[[ Supplied records, beginning ]]

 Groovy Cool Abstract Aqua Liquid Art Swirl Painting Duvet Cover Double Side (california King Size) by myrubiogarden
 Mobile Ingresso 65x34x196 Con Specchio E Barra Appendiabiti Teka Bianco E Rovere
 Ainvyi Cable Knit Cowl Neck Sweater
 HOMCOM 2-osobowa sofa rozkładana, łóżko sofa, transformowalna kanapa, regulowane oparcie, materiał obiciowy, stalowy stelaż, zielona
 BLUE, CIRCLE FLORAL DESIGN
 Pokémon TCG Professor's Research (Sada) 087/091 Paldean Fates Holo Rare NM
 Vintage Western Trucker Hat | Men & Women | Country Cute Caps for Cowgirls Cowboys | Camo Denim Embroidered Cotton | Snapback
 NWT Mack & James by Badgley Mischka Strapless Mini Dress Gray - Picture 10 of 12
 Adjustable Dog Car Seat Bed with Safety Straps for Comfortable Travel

[[ Supplied records, end ]]

• Aim of the exercise
Exactly the lines from the one containing "Vintage Western Trucker" to the final line of the entries must be restated, and no others.

• Answer section
 Vintage Western Trucker Hat | Men & Women | Country Cute Caps for Cowgirls Cowboys | Camo Denim Embroidered Cotton | Snapback
 NWT Mack & James by Badgley Mischka Strapless Mini Dress Gray - Picture 10 of 12
 Adjustable Dog Car Seat Bed with Safety Straps for Comfortable Travel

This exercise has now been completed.